When you see grief in someone’s eyes, the world just stops.
Maybe it keeps buzzing and beeping, but all those noises fade into the background.
Life is so precious.
Lives end so fast.
When you get a call, when you say goodbye, when you just can’t believe it– Grief kicks you right in the face and says “Hey, remember me? I used to haunt you with past conversations and memories of dancing. I’m back. And I’m here to tear you apart. But I’m just a part of life. I knew I would meet you again, old friend.”
You get swallowed into sad songs and can’t stand to sit in silence because you might fall into grief. You might get trapped in a world where everyone is dying and there’s nothing you can do about it. It hurts. And you know what? It’s okay that it hurts. Nothing hurts more than knowing you saw them just yesterday. And now they’re gone. Who will wear her dancing shoes? Who will drive his truck? Who can ever fill the gap they left in your heart?
It hurts. And it tears and it pulls and it all just caves in. Yet, after all that pain, you run out of tissues. You’ve finally come to the conclusion that they can’t come back, that they lived and loved and now it’s your turn. No matter how long it takes you to grieve– weeks, months, years- know that grieving is a process. That you need time to absorb all that’s happened and cry it out. Or work it out. Or whatever it takes. You need time.

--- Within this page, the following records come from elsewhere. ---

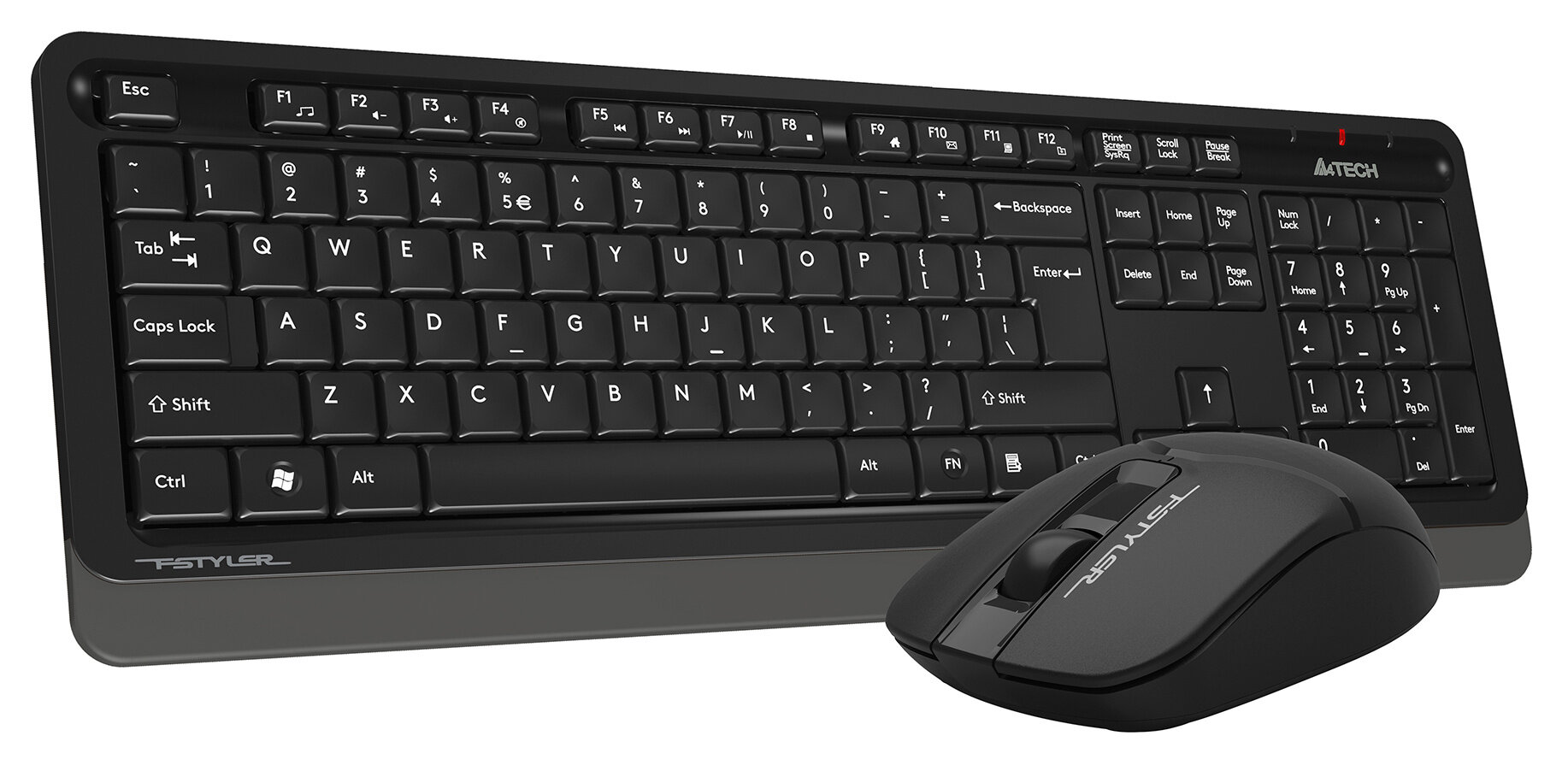 Клавиатура + мышь A4Tech Fstyler FG1012 клав:черный/серый мышь:черный USB беспроводная Multimedia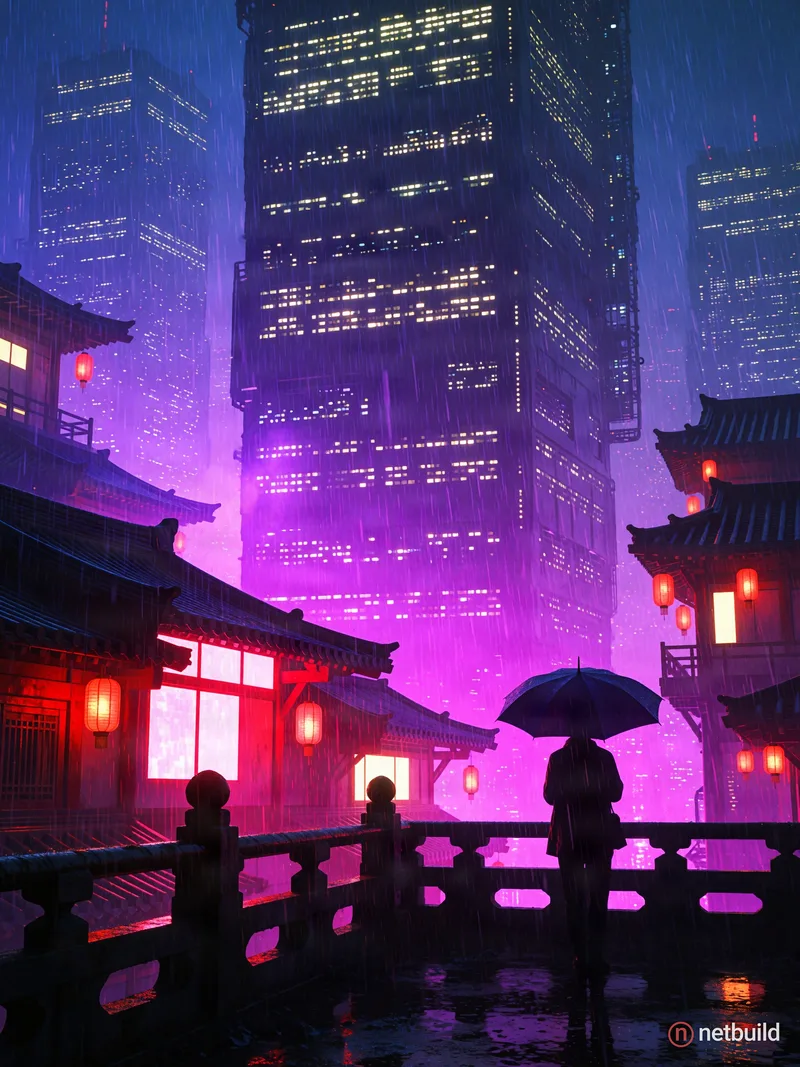A lone figure with a dark umbrella stands on a wet balcony, gazing at a towering futuristic metropolis during a heavy downpour. Vibrant purple and mag...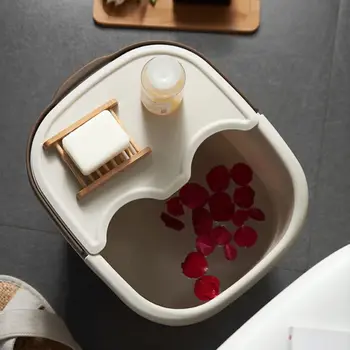 

Simple Foot Bath Spa Massage Bucket With Cover And Handle Plastic Feet Washing Basins Household Pedicure And Massage Basin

And when it’s over, you will be okay.
You might feel lonely. Better to be lonely and reminiscing than feel surrounded and depressed. Know that there are So.Many.People just like you– who lost a father or a mother or a sibling or a mentor or a friend or a dog or an uncle or a cousin. Know that you are not alone in this walk, in this world. Know that you can shoo grief away when you don’t feel like crying. Know that it’s okay to be happy when others are not. Know that it’s okay to be okay.